What to produce ::
Would you reproduce each line below exactly, leaving every picture out?

Data extract ::
···

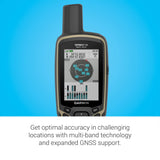 Garmin GPSMAP 65 - GPS de Mano Resistente con sensores de navegación y mapas TopoActive de Europa
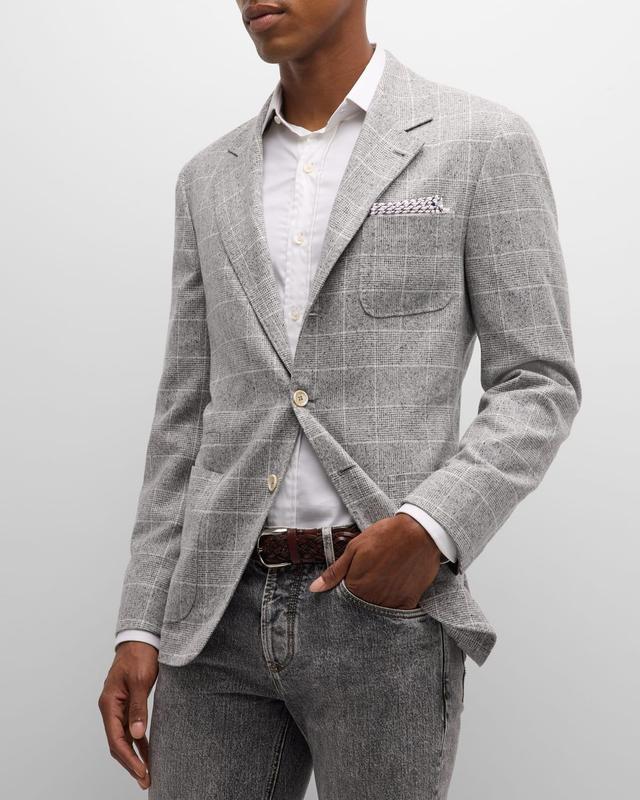 Mens Plaid-Print Wool Sport Coat Product Image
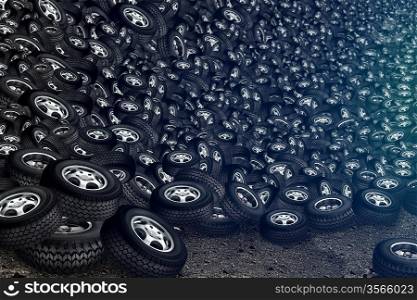 tires background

···

Task response ::
 Garmin GPSMAP 65 - GPS de Mano Resistente con sensores de navegación y mapas TopoActive de Europa
 Mens Plaid-Print Wool Sport Coat Product Image
 tires background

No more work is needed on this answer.